Transcribe, word for word, every line from the one containing "2016 Jeep Compass, VIN" through the final line of the records, and omit the pictures.

*** Begin section ***

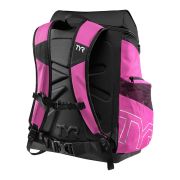 TYR Rucsac Alliance 45L negru-roz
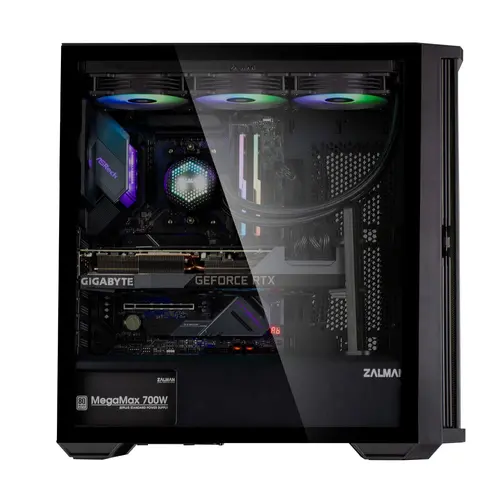 Zalman кутия Case EATX - Z10 - Mesh - image 24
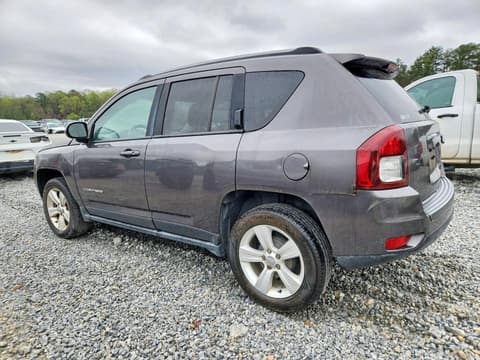 2016 Jeep Compass, VIN 1C4NJCEA2GD640705. Фото 2 з 6 з аукціону Copart. Каталог авто зі США OpenDataCar.
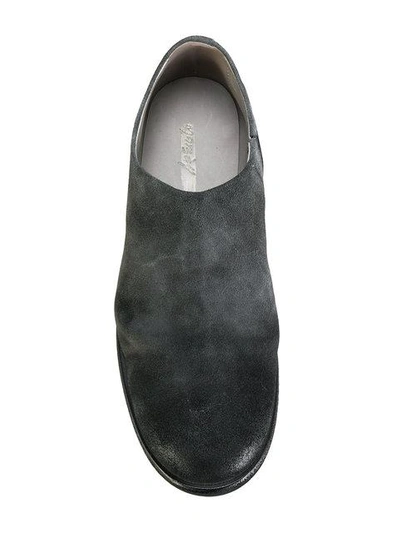 Shop Marsèll Slip-on Loafers In Grey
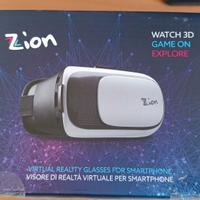 Visore Realtà Virtuale Zion 3D VR Smartphone 5,5″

*** End section ***

▶ [Reply to the task]
 2016 Jeep Compass, VIN 1C4NJCEA2GD640705. Фото 2 з 6 з аукціону Copart. Каталог авто зі США OpenDataCar.
 Shop Marsèll Slip-on Loafers In Grey
 Visore Realtà Virtuale Zion 3D VR Smartphone 5,5″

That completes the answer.